Manga Review: Mashle – Magic and Muscles by Hajime Kōmoto

Mashle – Magic and Muscles (Henceforth shortened to just Mashle) first hit my public radar with the launch of the collected chapters here in Italy. When I read the premise in Wiki, I wrote it off as a Harry Potter knockoff. That was a mistake because while Mashle is a parody of Harry Potter, Mash Burndead is more closely related to Goku than he is to JK Rowling’s now massively saturated franchise. (Bee tee dubs: I’ll be referencing Dragonball a lot for this review.) What’s more, Mash Burndead proves over and over that while he’s lacking in the brains department, he has so much heart power that even his enemies are eventually swayed by his convictions.
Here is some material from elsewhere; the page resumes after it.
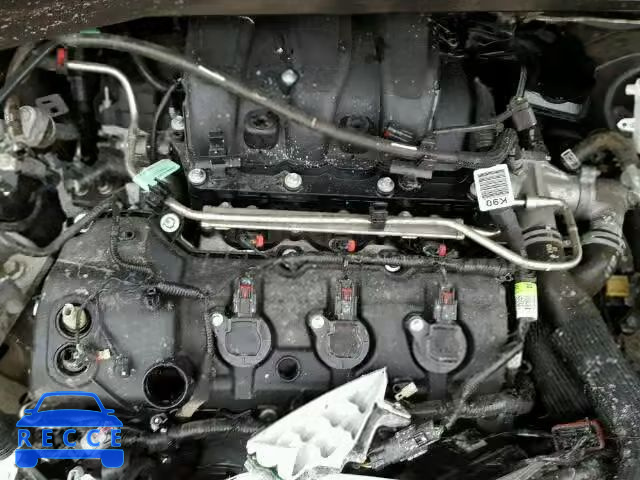 2014 LINCOLN MKS 1LNHL9DK9EG604179 image 6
So, let’s set the stage with some minor spoilers from the first chapter. Mash Burndead is a person without magic in a world where everyone has an affinity for it to some degree. This is because people born without magic are killed at birth. But Mash was found abandoned by a magicless hermit in a forest and hidden away from the world. His Pops began training him to be at peak physical condition in case he needed to defend himself, and as the story opens, teenage Mash’s workout routine is…it’s a lot.
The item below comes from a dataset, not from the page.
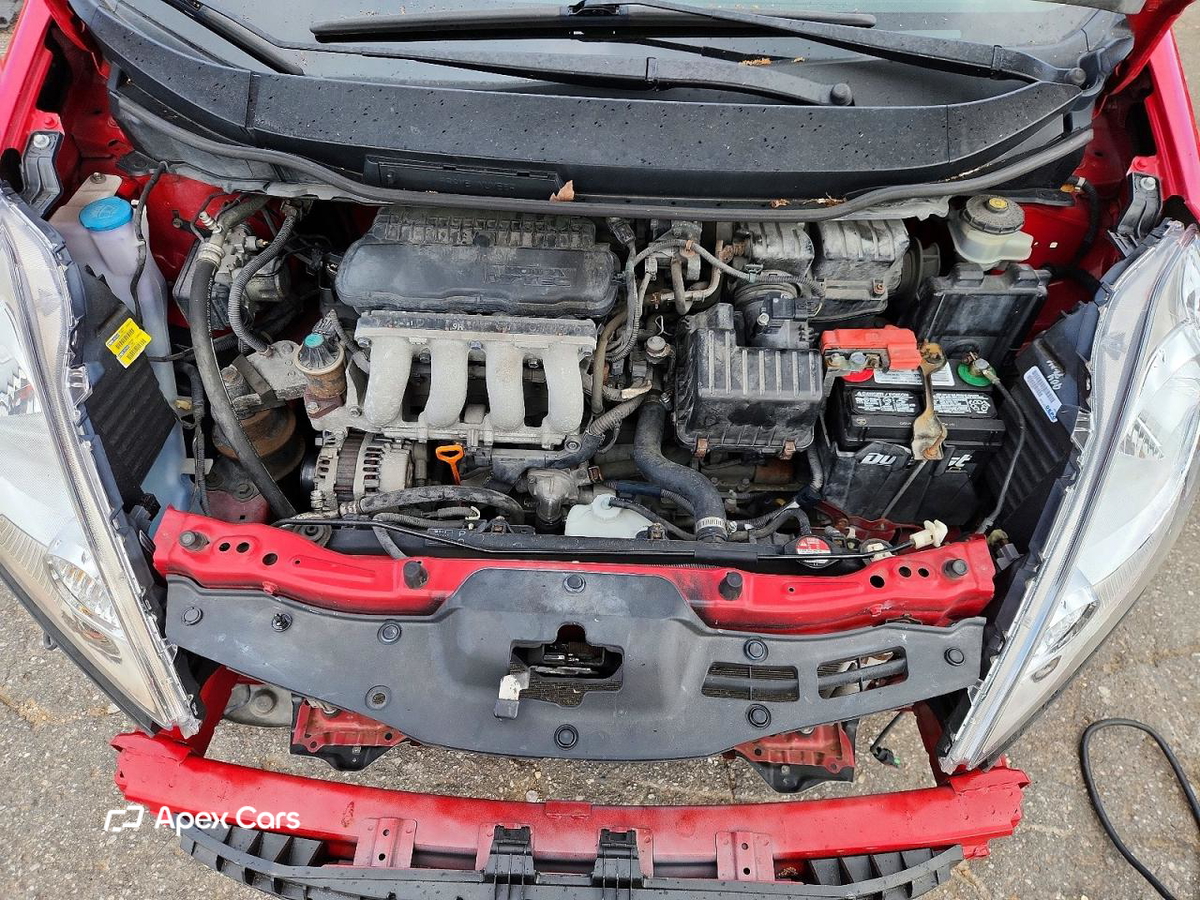 Honda Fit 2010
After finishing his staggeringly impressive morning workout, Mash decides to go into town to buy cream puffs, where he is identified as someone lacking magic. When a detective shows up at Pops’ cottage to deal with him, Mash simply swats away his spells. Impressed by his level of physical strength, the detective suggests that if Mash wants to keep himself and his Pops safe, he will enter magic school and become the Divine Visionary, an honor bestowed upon one student every year for being the most powerful magic user. The detective’s logic is that if Mash can reach this hallowed peak in the wizard world, everyone will have to accept him. And so hilarious hijinks ensue.

The comedy is what initially pulled me through binge reading the first chapters, waiting through the smaller chuckles to get to the one really hilarious punchline. (Sometimes even involving an actual punch as their punctuation…punchuation? I digress.) Mash passes his first entrance exam by literally intimidating a magic spell into compliance. He makes it into the school and soon makes friends with Finn Raymes and Dot Barrett. Finn is very much a Ronald Weasley  mixed with Krillin. He’s the only one who can see Mash move at superhuman speeds, so as the villains of each chapter ask “How is he beating me?” Finn is narrating internally how each trick was accomplished.

Meanwhile Dot has no Harry Potter equivalent, but he is a bit like Piccolo. At first a rival to Mash, Dot hates all “pretty boys” because they are hoarding all the ladies. (Compared to the school’s many truly pretty boys, Mash is kinda plain.) Dot wants to see himself as the main character of the story, but can’t escape his place as a sidekick and so eventually accepts it. Normally he’s not that powerful, but when motivated by the right emotion, his power level can spike to challenge enemies normally way above his pay grade. You know, like Piccolo.

There’s so many other characters I could gush about, but they’re all spoilers that should be enjoyed as they arrive. What’s important to note is how each new arrival is dismissive of Mash until he trounces them. Then he either helps pick them up off the ground, or when another magic user tries to exterminate them, Mash trashes that new arrival, AND THEN helps pick up the wizard they just saved. And that kind of heroism blows each character’s mind. Even if they were just bad mouthing him, he has such respect for them and their point of view that he ends up converting them to his team. You know, like Goku does with so many of his enemies.

I’m up to chapter 100 of 170, and by that point, Mash’s origins have already been revealed, and it’s a nifty twist indeed. Also, at these later chapters, every threat has reached the point that Mash is being genuinely tested rather than treating the fights as an endless cake walk. Because I’m binging this, I expect to reach the current chapter in a few days, at which point, I’ll be forced to read chapters as they come out, and man, that’s gonna be some low-level torture, for sure.

The art style is somewhat similar to One Punch Man, in that lots of scenes are very detailed and dynamic until some point when Mash has a simpleton moment, and the artist plays up his dumbness by simplifying all the details around him. It’s cute, and adds a lot of charm to the jokes in these moments.

I give Mashle – Magic and Muscles an enthusiastic 5 stars, and I would recommend it to fans of superhero comics who like a bit of levity blended in with their boss fights and drama. I really want to gush more about all the characters and the best fights, but again, that’s the kind of spoilers that would ruin both the action and the jokes. So get on Manga PLUS and add this to your favorites, or get them in the collected print versions. Either way, it’s a great story with plenty of surprises in store.